The retreat center was as beautiful as Mart promised. It’s called GilChrist, but welcomes all faiths. Our room had a meditation mat and cushion and an altar with a hawk feather, a turkey feather, and a candle. I felt amazingly comfortable there.
My relationship with Christianity has been rocky, but my faith–decidedly not Christian–is strong and sustaining. I felt refilled by the butterflies dancing with the wildflowers and the bees humming in the labyrinth garden, by the hawks crying in the cerulean sky and the birdsong in the woods around the cabin, by the fat little chipmunks and the scolding squirrels and the brilliant scatter of stars in the sky at night. I felt as if I came back to myself there. Something unhitched inside my body.
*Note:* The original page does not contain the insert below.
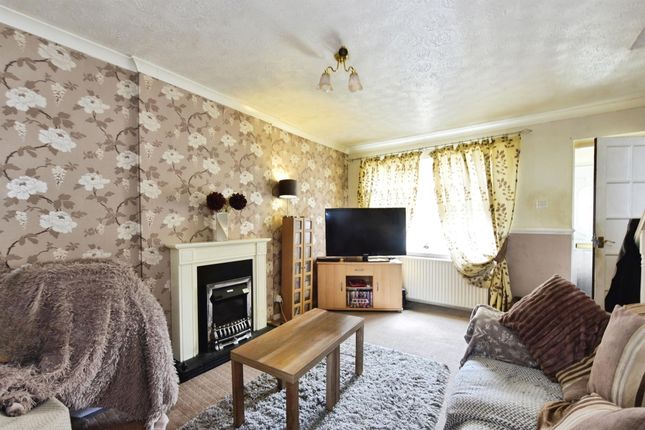 17, Wyedale Croft, Sheffield photo 2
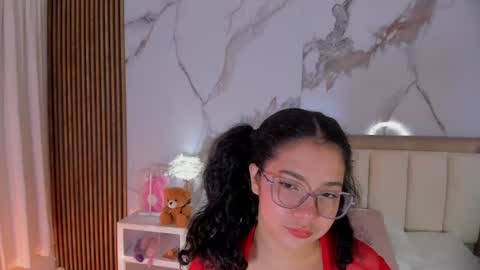 Snapshot of alicialevy chatting on 07/01/26, 11:45 LUNA online show from 07/01/26, 11:45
And I wrote pages. I dumped my thoughts into my notebook and it was glorious to feel the words coursing through me. The pieces of my novel began to fit together again. I wrote in the tiny cedar porch of our “hermitage.” I wrote at the kitchen table overlooking the meadow. I wrote sitting up in bed and on the bench on the porch. Best of all, I wrote in the lovely stone chapel down in the hollow.
I was hesitant to even step into the chapel at first. It was one of the few places at the Retreat Center where I encountered a cross, but there was also a chalice and more feathers, a nest, rocks, and a pine branch on the window sill. As an offering, I added some downy hawk feathers I’d discovered while wandering around.
My gods live in the wind and the earth, in the trees and the sky. Sometimes they dress themselves as birds or as butterflies. Sometimes I can even find them inside a chapel on the margin of a meadow.
All in all, the retreat was magic of the best kind. I’d forgotten it could be so simple. I hope it’s reflected in my novel, whenever it finally makes it out into the world.